DATA PROVIDED
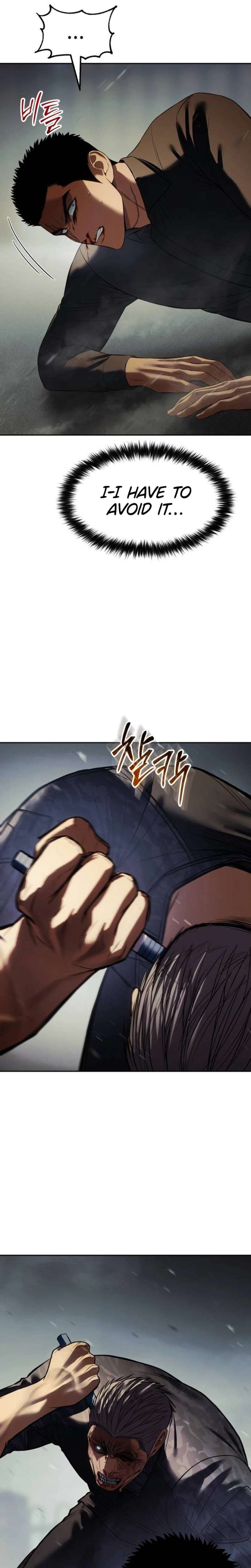 Baek XX Chapter 170 page 31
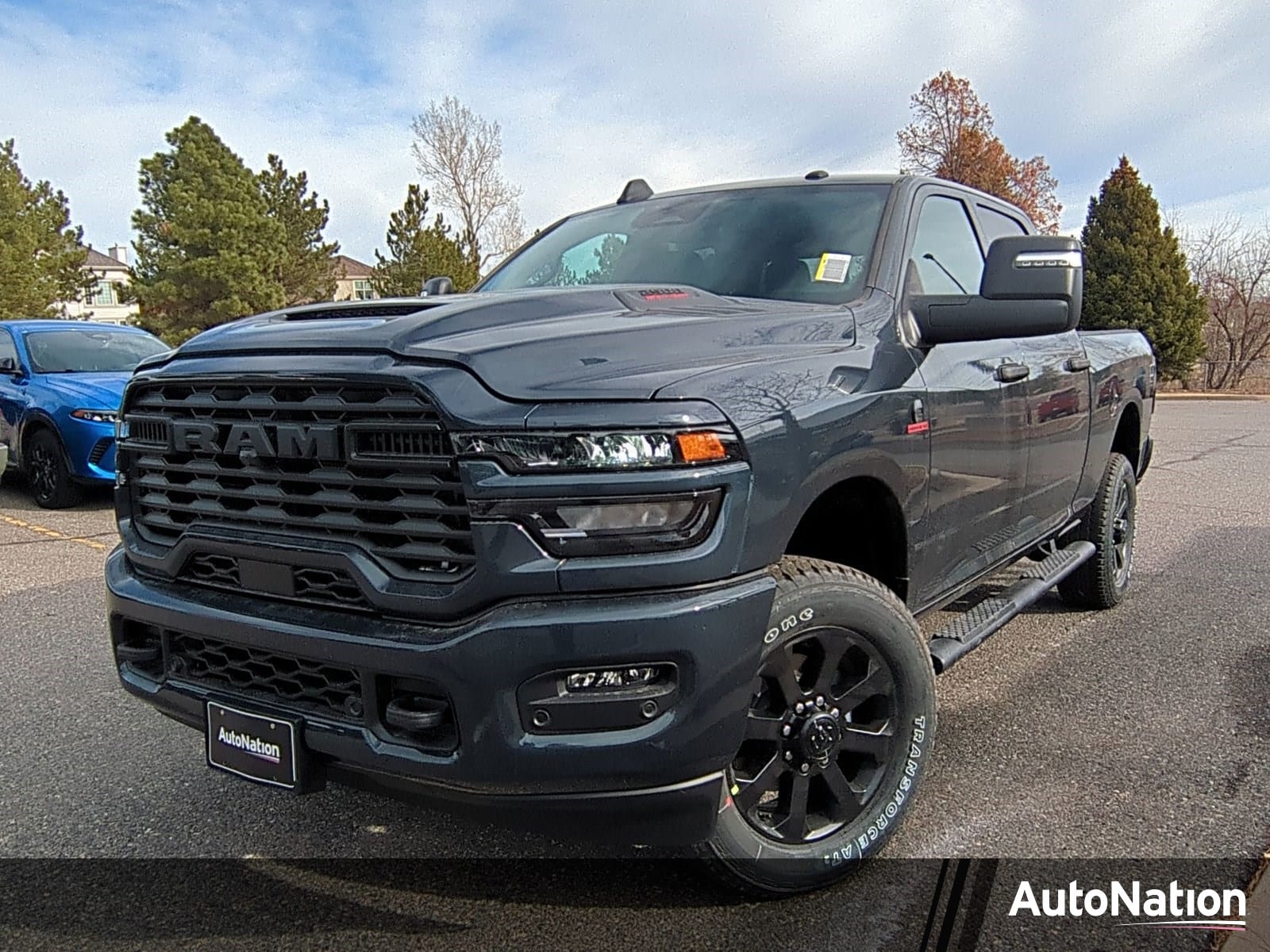 2026 RAM 2500 Tradesman/Black Express 4X4 Crew Cab SWB's photo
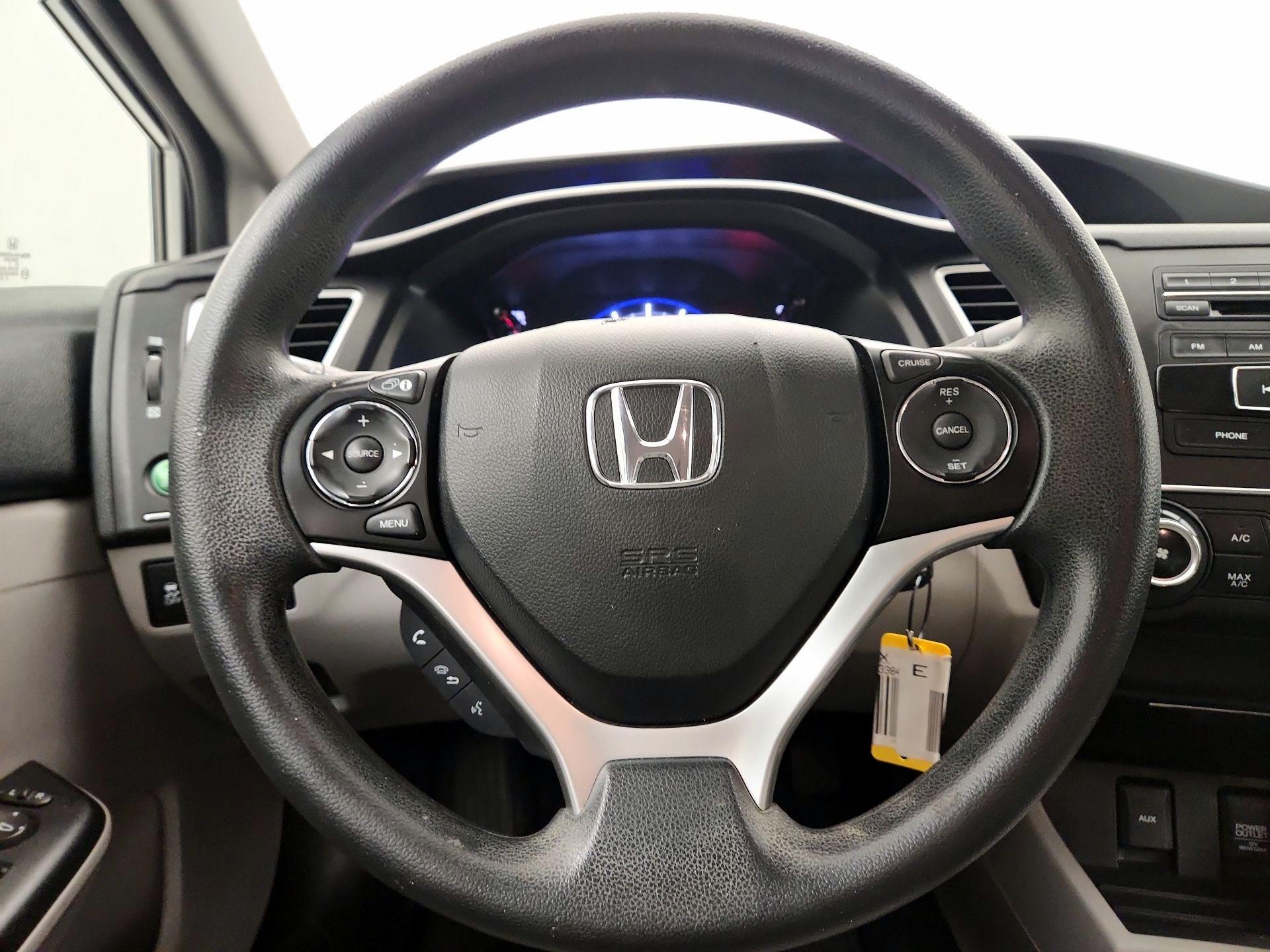 Thumbnail: 2015 Honda Civic - 10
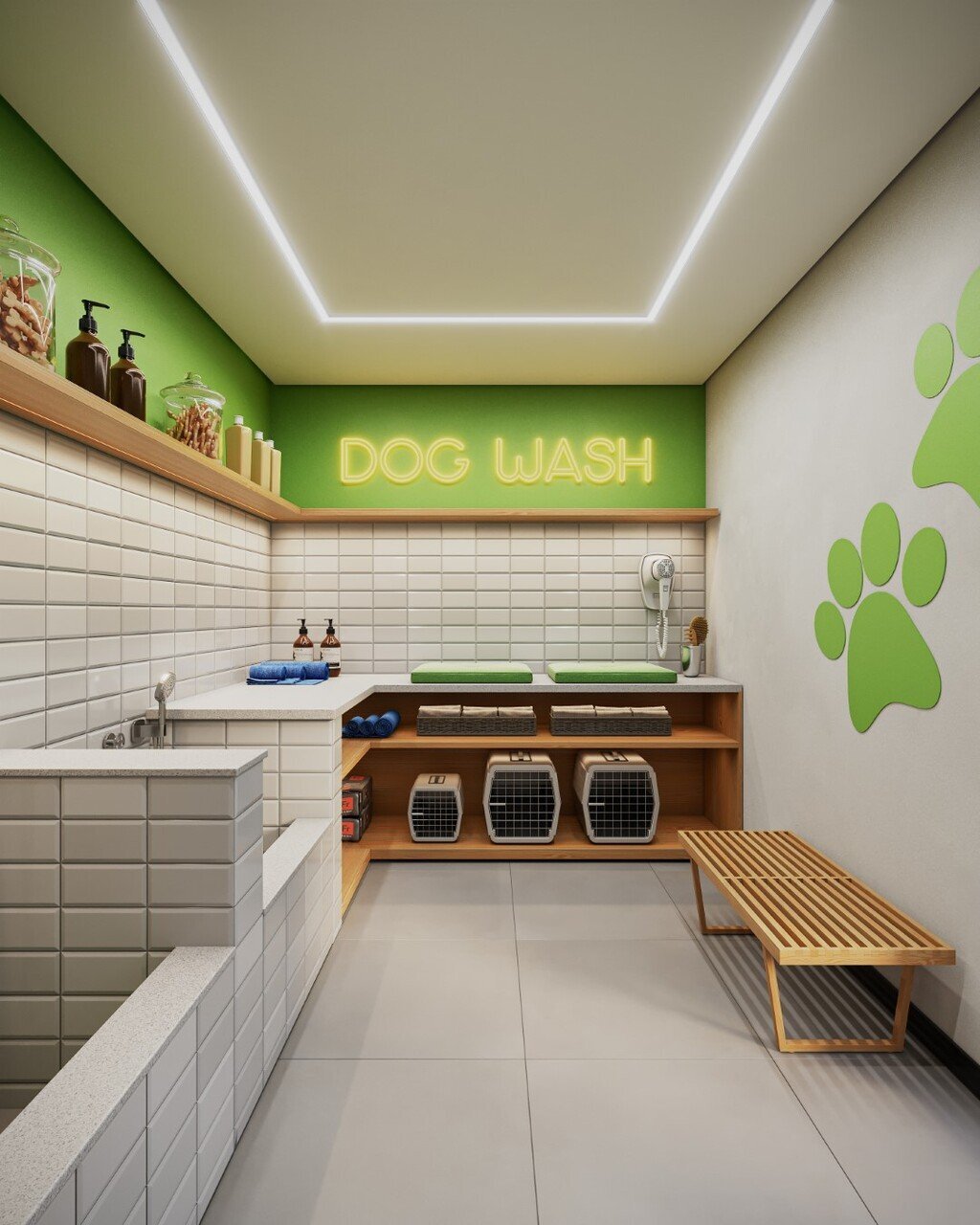 Apartamento, 2 quartos, 33 m² - Foto 10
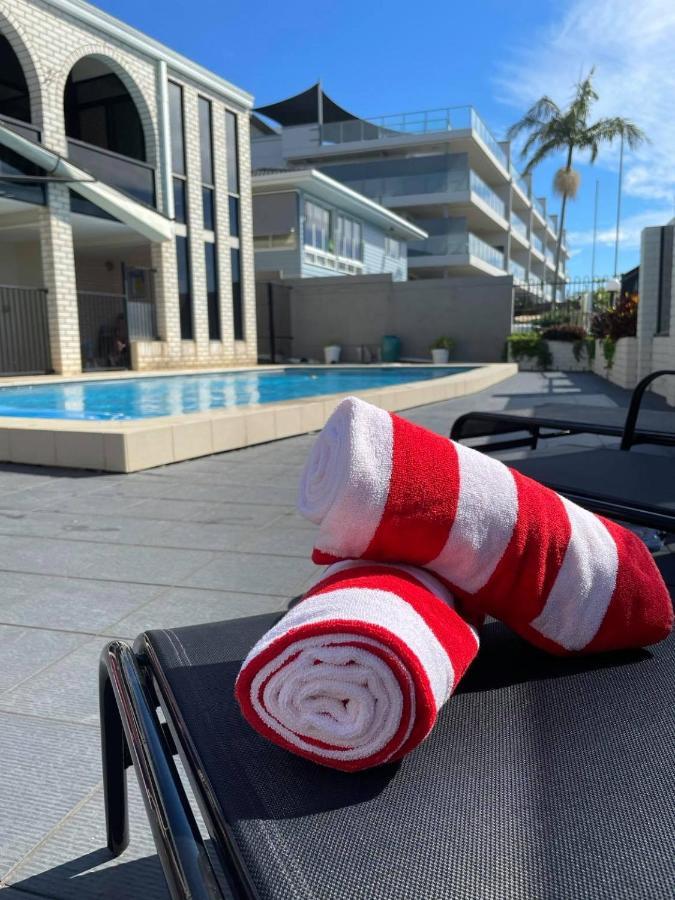 Citadel Suite Port Macquarie Bagian luar foto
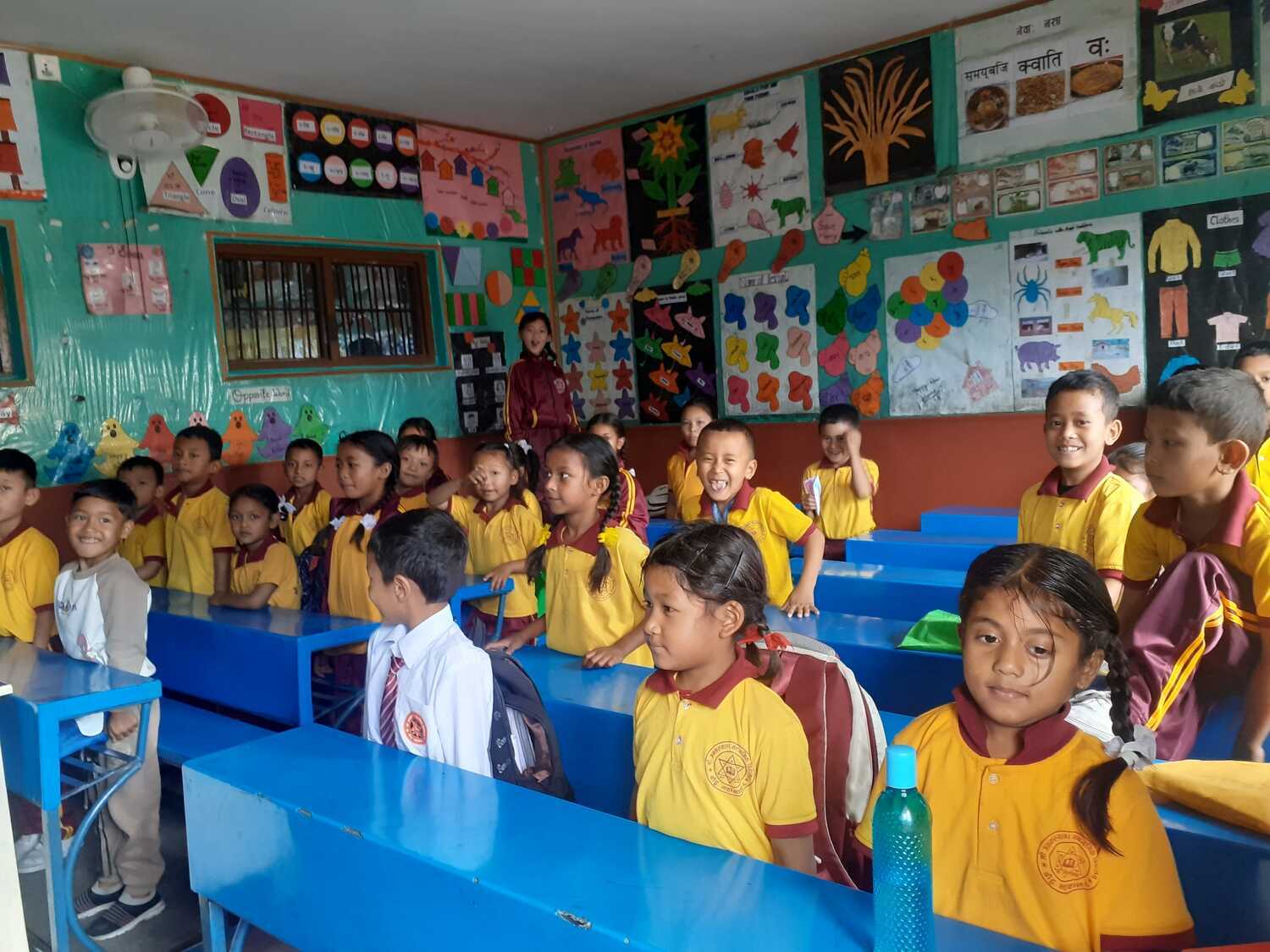 Jana Kalyan Secondary school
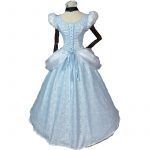 Luxury Cinderella Princess Cosplay Costume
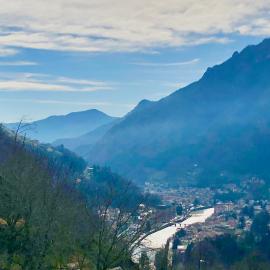 Antea Nuevo Sol Rooms and Breakfast, hotel in San Pellegrino Terme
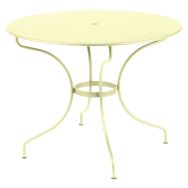 Table Opéra+ Ø 96 cm - Fermob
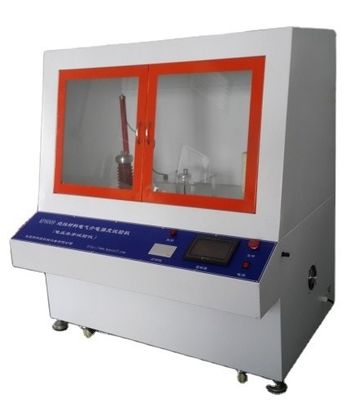 Testatore di resistenza elettrica per materiali isolanti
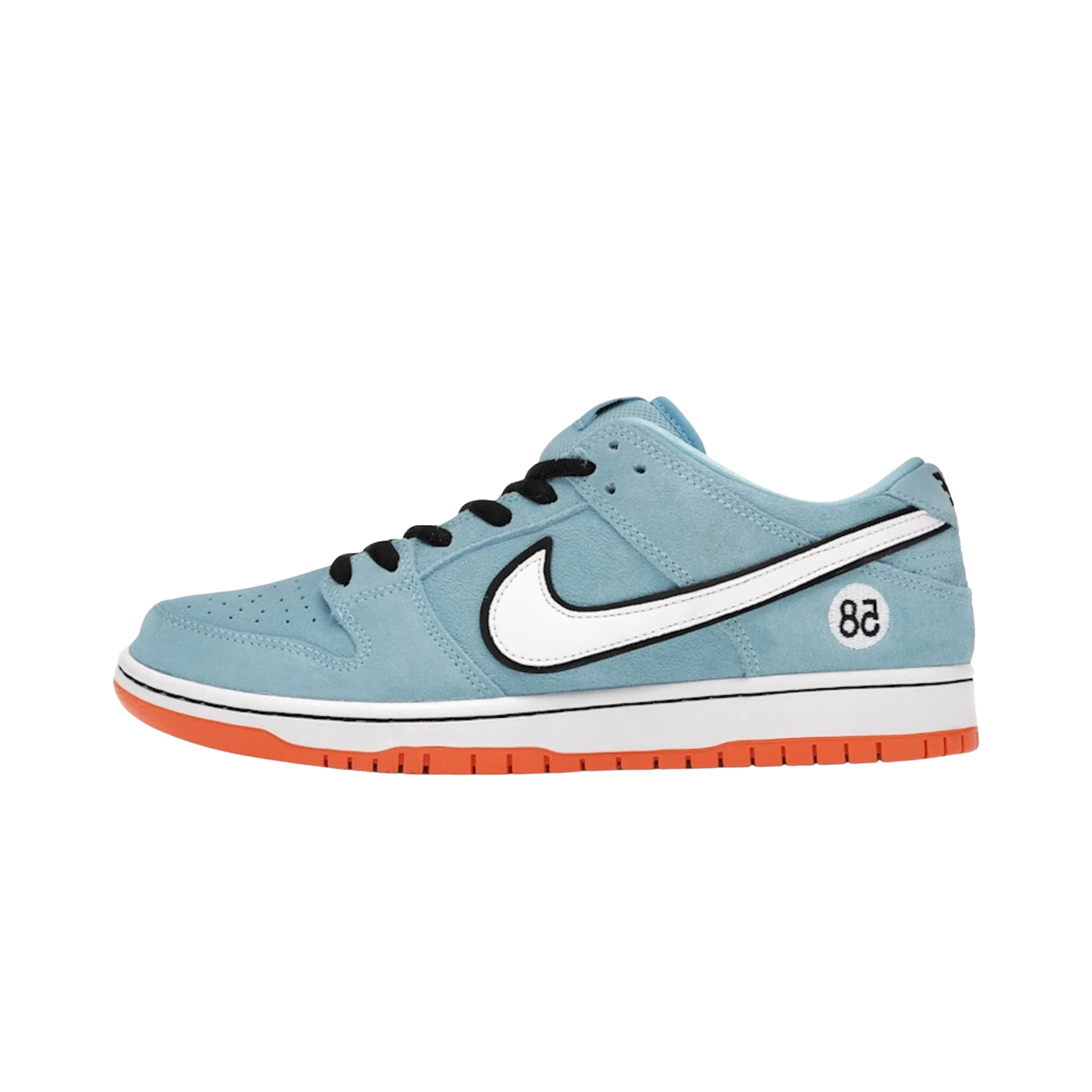 Nike SB Dunk Low Club 58 Gulf Azul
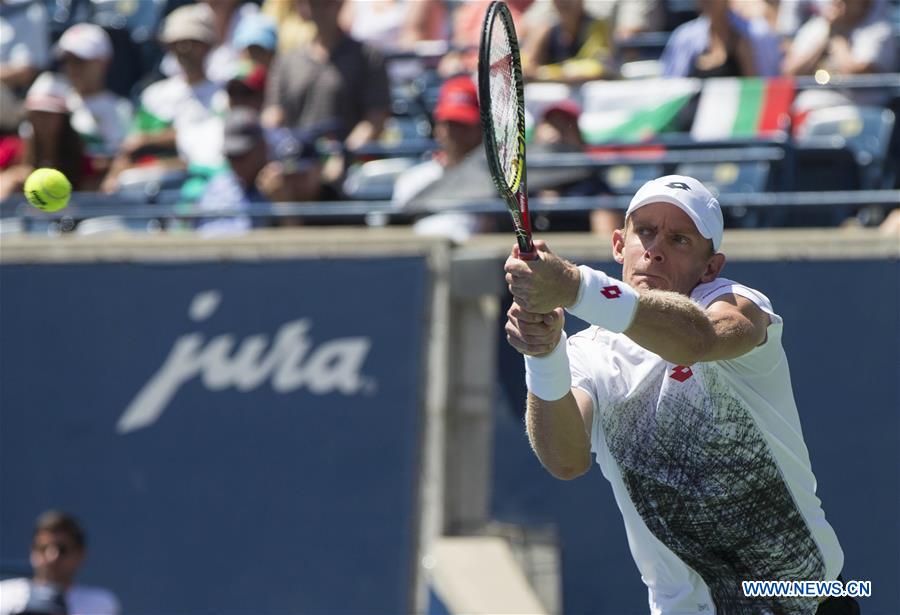 (SP)CANADA-TORONTO-TENNIS-ROGERS CUP-MEN'S SINGLES-QUARTERFINALS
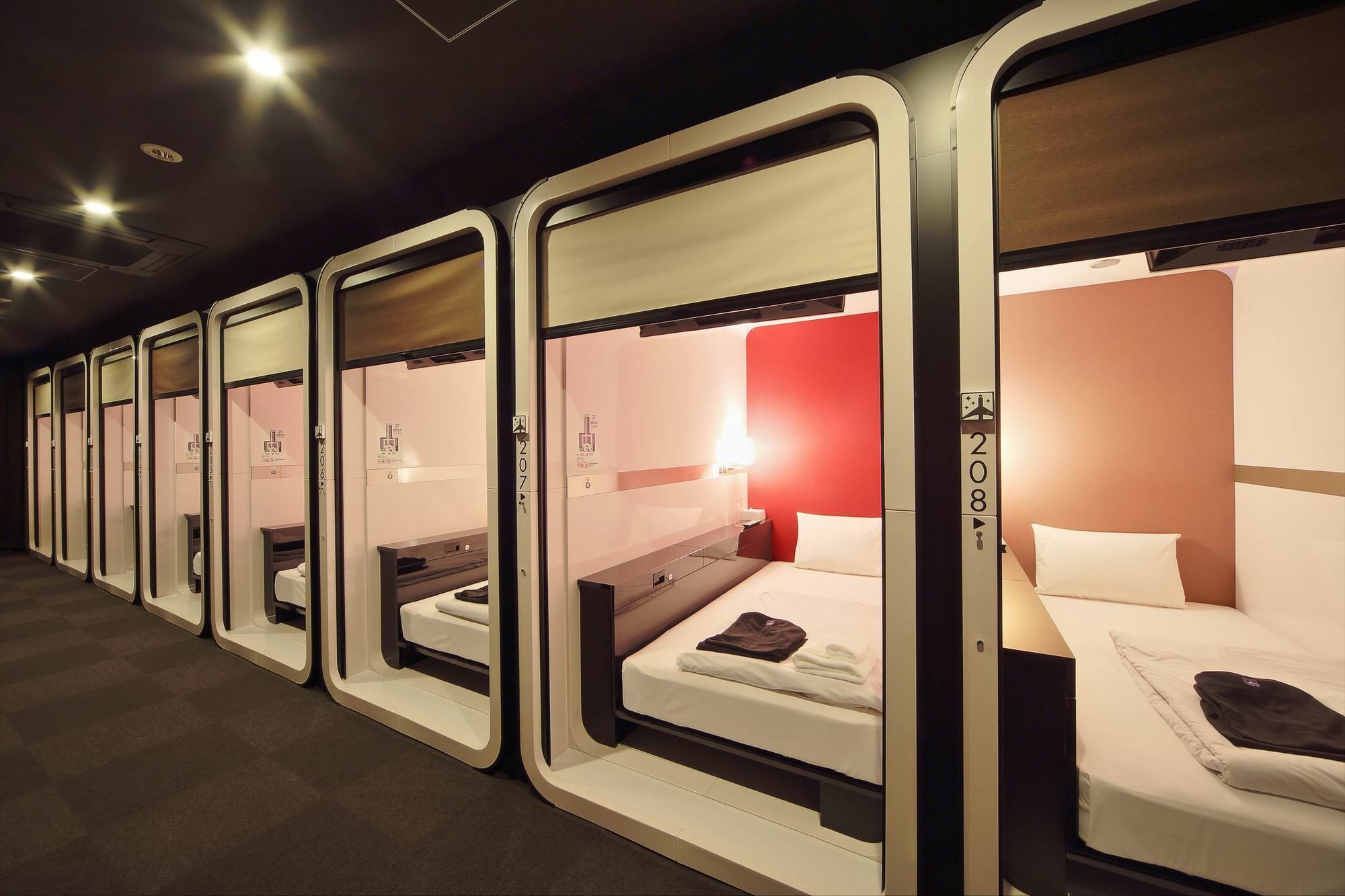 First Cabin Nishiazabu Токио Екстериор снимка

ABOUT THIS TASK
Leaving out the pictures, return the records exactly as given.

SOLUTION TO THIS TASK
 Baek XX Chapter 170 page 31
 2026 RAM 2500 Tradesman/Black Express 4X4 Crew Cab SWB's photo
 Thumbnail: 2015 Honda Civic - 10
 Apartamento, 2 quartos, 33 m² - Foto 10
 Citadel Suite Port Macquarie Bagian luar foto
 Jana Kalyan Secondary school
 Luxury Cinderella Princess Cosplay Costume
 Antea Nuevo Sol Rooms and Breakfast, hotel in San Pellegrino Terme
 Table Opéra+ Ø 96 cm - Fermob
 Testatore di resistenza elettrica per materiali isolanti
 Nike SB Dunk Low Club 58 Gulf Azul
 (SP)CANADA-TORONTO-TENNIS-ROGERS CUP-MEN'S SINGLES-QUARTERFINALS
 First Cabin Nishiazabu Токио Екстериор снимка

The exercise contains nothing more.